When we talk about south Indian food, there are some dishes which we quickly recall, like Idli, dosa for breakfast and bisibelebath or other rice varieties for lunch.
This recipe, is famous in Karnataka and Tamil Nadu states in India. The names change as per region. Although the recipe may alter slightly in both states the basic ingredients and procedure remains unchanged. I recall the days when my grandparents use to prepare them for long train journey or short picnics with family. My grandfather ran his own restaurant in Chennai /Madras during his younger days, hence these recipes were prepared quiet often and relished by all of us in the family and I learnt this recipe from my mother.
It is a really tasty and absolutely delicious food for lunch time. Fried Potato curry with a crispy papad is a perfect accompaniment for this dish. Do give it a shot.
Powder for the paste:
• Sesame seeds 2 tbsp
• Corriander seeds 2 tbsp
• Cumin seeds 1tbsp
• Urad dal 1 tbsp
• Channa dal 1 tbsp
• Pepper corn ½tsp
• Methi seeds /Fenugreek seeds ¼tsp
• Dry coconut (either shredded or cut into pieces)¼cup
• Dry red chilli 8 (I used normal red chilli 5 and Kashmiri red chilli 3 for colour)
• Take a pan, first dry roast the sesame seeds until it turns golden brown and keep it aside.
• To the same pan add sesame oil and keeping the stove in low flame, fry the Corriander seeds, Cumin seeds, channa dal, urad dal, methi seeds & pepper corn. Fry them until they turn golden brown.
• Now include the dry red chilli, dry coconut and fry for about 2 to 5 min in low flame.
• Allow this to cool to room temperature and grind them to a fine powder.
• You may double the above quantity to prepare this powder and keep it in advance and use it as and when you need to prepare the Puliyogare paste.
• The above quantity will be perfect for one time preparation for the Puliyogare paste.
• In case you do not have or would like to avoid Dry coconut you may do so.

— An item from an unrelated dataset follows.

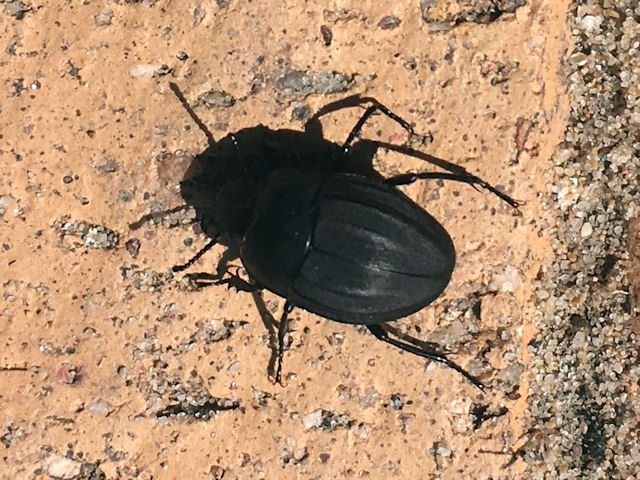 Please help to identify this bug: Erodius sp.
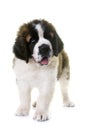 Puppy saint bernard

Ingredients for Puliyogare Paste.
• Thick Tamarind water ½ cup
• Sesame oil ¼ cup
• Mustard 1tsp
• Channa dal 1 tsp
• Ground nut 1 tsp
• Curry leaves 1 sprig
• Puliyogare powder (recipe above)
• Dry red chilli 2 broken in halves
• Turmeric powder ½tsp
• Asafoetida ¼tsp
• Jaggery powder 3.5 tbsp
• Water 1 cup
• Salt as per taste.
• Heat sesame oil in a wok, and add mustard seeds, once they splutter, reduce the flame to low and add channa dal, ground nut, dry red chilli, curry leaves and asafoetida and fry until the dal and ground nut turn golden brown.
• Now include the thick Tamarind water along with salt and Turmeric powder. Add an extra cup of water. Cover and allow this to boil well. (You have to see them bubbling)
• Now add jaggery powder and prepared Puliyogare powder.
• Keep stirring until the oil separates from the pan and into forms a thick paste. Do not leave it unattended at this time.
• Once you see it come together into a thick consistency turn off the stove. Transfer into a container. Tamarind Rice paste can stay for about 10 to 15 days refrigerated.
• To prepare Tamarind Rice, heat sesame oil in a wok and add mustard seeds, curry leaves, ground nuts, keep the flame low and add 2 tablespoon of Puliyogare paste and 2 cups of cooked rice and mix it without breaking the rice.
• Alternatively, you may avoid the above tempering procedure and mix it with hot rice and sesame oil as well.